_What is being asked_
Your answer must be the records, copied with no change.

─── Records supplied

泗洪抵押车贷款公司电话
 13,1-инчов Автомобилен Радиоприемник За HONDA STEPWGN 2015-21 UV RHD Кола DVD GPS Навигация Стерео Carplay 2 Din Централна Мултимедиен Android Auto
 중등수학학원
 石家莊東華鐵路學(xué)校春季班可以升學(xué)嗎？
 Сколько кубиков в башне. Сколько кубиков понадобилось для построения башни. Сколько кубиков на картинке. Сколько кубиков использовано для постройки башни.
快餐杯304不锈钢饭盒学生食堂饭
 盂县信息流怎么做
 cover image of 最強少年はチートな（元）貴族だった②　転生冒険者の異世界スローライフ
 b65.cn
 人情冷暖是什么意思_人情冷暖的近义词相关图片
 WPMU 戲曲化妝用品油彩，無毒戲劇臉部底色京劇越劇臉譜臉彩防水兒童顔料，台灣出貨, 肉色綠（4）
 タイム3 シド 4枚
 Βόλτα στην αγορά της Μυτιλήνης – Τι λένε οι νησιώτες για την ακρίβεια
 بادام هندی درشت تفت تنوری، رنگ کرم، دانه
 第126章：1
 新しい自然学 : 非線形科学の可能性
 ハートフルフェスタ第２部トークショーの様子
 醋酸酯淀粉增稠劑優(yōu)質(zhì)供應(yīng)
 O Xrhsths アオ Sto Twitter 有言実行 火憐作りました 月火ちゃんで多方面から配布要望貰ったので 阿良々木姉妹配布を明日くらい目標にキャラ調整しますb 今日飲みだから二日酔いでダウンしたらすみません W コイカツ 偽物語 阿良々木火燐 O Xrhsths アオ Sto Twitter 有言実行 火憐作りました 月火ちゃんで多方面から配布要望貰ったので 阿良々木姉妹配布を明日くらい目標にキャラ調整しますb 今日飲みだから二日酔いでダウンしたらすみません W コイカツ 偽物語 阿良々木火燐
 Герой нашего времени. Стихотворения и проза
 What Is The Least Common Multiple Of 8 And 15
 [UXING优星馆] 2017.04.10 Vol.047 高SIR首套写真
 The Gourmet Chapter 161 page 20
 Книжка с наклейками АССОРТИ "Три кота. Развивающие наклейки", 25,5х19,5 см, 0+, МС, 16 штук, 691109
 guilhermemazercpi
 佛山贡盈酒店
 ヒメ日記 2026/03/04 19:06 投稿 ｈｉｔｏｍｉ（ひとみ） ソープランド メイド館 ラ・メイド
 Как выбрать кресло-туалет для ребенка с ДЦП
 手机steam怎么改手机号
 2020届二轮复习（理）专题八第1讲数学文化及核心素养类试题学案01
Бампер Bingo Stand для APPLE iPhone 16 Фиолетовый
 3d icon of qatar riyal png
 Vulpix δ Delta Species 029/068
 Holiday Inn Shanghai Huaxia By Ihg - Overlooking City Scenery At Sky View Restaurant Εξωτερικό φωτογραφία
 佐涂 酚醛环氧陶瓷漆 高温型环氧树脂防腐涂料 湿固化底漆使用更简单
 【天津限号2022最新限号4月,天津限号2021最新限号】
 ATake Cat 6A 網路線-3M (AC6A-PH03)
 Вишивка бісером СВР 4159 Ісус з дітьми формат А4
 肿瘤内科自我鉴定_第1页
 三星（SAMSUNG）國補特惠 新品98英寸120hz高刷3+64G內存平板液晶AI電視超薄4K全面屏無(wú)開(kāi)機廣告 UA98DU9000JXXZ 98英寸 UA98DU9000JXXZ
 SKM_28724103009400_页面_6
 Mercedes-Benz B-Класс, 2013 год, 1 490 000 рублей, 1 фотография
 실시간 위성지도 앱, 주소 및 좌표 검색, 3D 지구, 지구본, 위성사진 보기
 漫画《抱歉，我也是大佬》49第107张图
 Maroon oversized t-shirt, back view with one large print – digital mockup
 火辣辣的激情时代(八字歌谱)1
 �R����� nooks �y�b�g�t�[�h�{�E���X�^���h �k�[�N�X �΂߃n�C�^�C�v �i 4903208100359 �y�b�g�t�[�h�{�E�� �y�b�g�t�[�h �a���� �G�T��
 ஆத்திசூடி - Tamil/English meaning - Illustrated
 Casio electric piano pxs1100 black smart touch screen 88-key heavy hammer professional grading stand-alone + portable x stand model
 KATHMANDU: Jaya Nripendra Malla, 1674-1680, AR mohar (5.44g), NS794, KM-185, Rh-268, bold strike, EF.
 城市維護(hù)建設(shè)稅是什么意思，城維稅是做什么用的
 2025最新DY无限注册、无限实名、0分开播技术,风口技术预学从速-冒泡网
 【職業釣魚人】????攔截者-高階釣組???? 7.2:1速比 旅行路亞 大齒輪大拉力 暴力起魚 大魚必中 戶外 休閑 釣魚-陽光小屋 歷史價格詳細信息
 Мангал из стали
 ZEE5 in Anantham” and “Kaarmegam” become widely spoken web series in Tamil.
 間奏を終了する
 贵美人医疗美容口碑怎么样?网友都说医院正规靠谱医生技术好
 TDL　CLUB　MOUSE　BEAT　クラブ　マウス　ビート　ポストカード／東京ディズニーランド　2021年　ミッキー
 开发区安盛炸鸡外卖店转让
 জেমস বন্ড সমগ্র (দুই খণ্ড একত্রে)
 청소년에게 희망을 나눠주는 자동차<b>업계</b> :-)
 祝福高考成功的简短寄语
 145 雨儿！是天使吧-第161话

──────

_Exercise output_
泗洪抵押车贷款公司电话
 13,1-инчов Автомобилен Радиоприемник За HONDA STEPWGN 2015-21 UV RHD Кола DVD GPS Навигация Стерео Carplay 2 Din Централна Мултимедиен Android Auto
 중등수학학원
 石家莊東華鐵路學(xué)校春季班可以升學(xué)嗎？
 Сколько кубиков в башне. Сколько кубиков понадобилось для построения башни. Сколько кубиков на картинке. Сколько кубиков использовано для постройки башни.
快餐杯304不锈钢饭盒学生食堂饭
 盂县信息流怎么做
 cover image of 最強少年はチートな（元）貴族だった②　転生冒険者の異世界スローライフ
 b65.cn
 人情冷暖是什么意思_人情冷暖的近义词相关图片
 WPMU 戲曲化妝用品油彩，無毒戲劇臉部底色京劇越劇臉譜臉彩防水兒童顔料，台灣出貨, 肉色綠（4）
 タイム3 シド 4枚
 Βόλτα στην αγορά της Μυτιλήνης – Τι λένε οι νησιώτες για την ακρίβεια
 بادام هندی درشت تفت تنوری، رنگ کرم، دانه
 第126章：1
 新しい自然学 : 非線形科学の可能性
 ハートフルフェスタ第２部トークショーの様子
 醋酸酯淀粉增稠劑優(yōu)質(zhì)供應(yīng)
 O Xrhsths アオ Sto Twitter 有言実行 火憐作りました 月火ちゃんで多方面から配布要望貰ったので 阿良々木姉妹配布を明日くらい目標にキャラ調整しますb 今日飲みだから二日酔いでダウンしたらすみません W コイカツ 偽物語 阿良々木火燐 O Xrhsths アオ Sto Twitter 有言実行 火憐作りました 月火ちゃんで多方面から配布要望貰ったので 阿良々木姉妹配布を明日くらい目標にキャラ調整しますb 今日飲みだから二日酔いでダウンしたらすみません W コイカツ 偽物語 阿良々木火燐
 Герой нашего времени. Стихотворения и проза
 What Is The Least Common Multiple Of 8 And 15
 [UXING优星馆] 2017.04.10 Vol.047 高SIR首套写真
 The Gourmet Chapter 161 page 20
 Книжка с наклейками АССОРТИ "Три кота. Развивающие наклейки", 25,5х19,5 см, 0+, МС, 16 штук, 691109
 guilhermemazercpi
 佛山贡盈酒店
 ヒメ日記 2026/03/04 19:06 投稿 ｈｉｔｏｍｉ（ひとみ） ソープランド メイド館 ラ・メイド
 Как выбрать кресло-туалет для ребенка с ДЦП
 手机steam怎么改手机号
 2020届二轮复习（理）专题八第1讲数学文化及核心素养类试题学案01
Бампер Bingo Stand для APPLE iPhone 16 Фиолетовый
 3d icon of qatar riyal png
 Vulpix δ Delta Species 029/068
 Holiday Inn Shanghai Huaxia By Ihg - Overlooking City Scenery At Sky View Restaurant Εξωτερικό φωτογραφία
 佐涂 酚醛环氧陶瓷漆 高温型环氧树脂防腐涂料 湿固化底漆使用更简单
 【天津限号2022最新限号4月,天津限号2021最新限号】
 ATake Cat 6A 網路線-3M (AC6A-PH03)
 Вишивка бісером СВР 4159 Ісус з дітьми формат А4
 肿瘤内科自我鉴定_第1页
 三星（SAMSUNG）國補特惠 新品98英寸120hz高刷3+64G內存平板液晶AI電視超薄4K全面屏無(wú)開(kāi)機廣告 UA98DU9000JXXZ 98英寸 UA98DU9000JXXZ
 SKM_28724103009400_页面_6
 Mercedes-Benz B-Класс, 2013 год, 1 490 000 рублей, 1 фотография
 실시간 위성지도 앱, 주소 및 좌표 검색, 3D 지구, 지구본, 위성사진 보기
 漫画《抱歉，我也是大佬》49第107张图
 Maroon oversized t-shirt, back view with one large print – digital mockup
 火辣辣的激情时代(八字歌谱)1
 �R����� nooks �y�b�g�t�[�h�{�E���X�^���h �k�[�N�X �΂߃n�C�^�C�v �i 4903208100359 �y�b�g�t�[�h�{�E�� �y�b�g�t�[�h �a���� �G�T��
 ஆத்திசூடி - Tamil/English meaning - Illustrated
 Casio electric piano pxs1100 black smart touch screen 88-key heavy hammer professional grading stand-alone + portable x stand model
 KATHMANDU: Jaya Nripendra Malla, 1674-1680, AR mohar (5.44g), NS794, KM-185, Rh-268, bold strike, EF.
 城市維護(hù)建設(shè)稅是什么意思，城維稅是做什么用的
 2025最新DY无限注册、无限实名、0分开播技术,风口技术预学从速-冒泡网
 【職業釣魚人】????攔截者-高階釣組???? 7.2:1速比 旅行路亞 大齒輪大拉力 暴力起魚 大魚必中 戶外 休閑 釣魚-陽光小屋 歷史價格詳細信息
 Мангал из стали
 ZEE5 in Anantham” and “Kaarmegam” become widely spoken web series in Tamil.
 間奏を終了する
 贵美人医疗美容口碑怎么样?网友都说医院正规靠谱医生技术好
 TDL　CLUB　MOUSE　BEAT　クラブ　マウス　ビート　ポストカード／東京ディズニーランド　2021年　ミッキー
 开发区安盛炸鸡外卖店转让
 জেমস বন্ড সমগ্র (দুই খণ্ড একত্রে)
 청소년에게 희망을 나눠주는 자동차<b>업계</b> :-)
 祝福高考成功的简短寄语
 145 雨儿！是天使吧-第161话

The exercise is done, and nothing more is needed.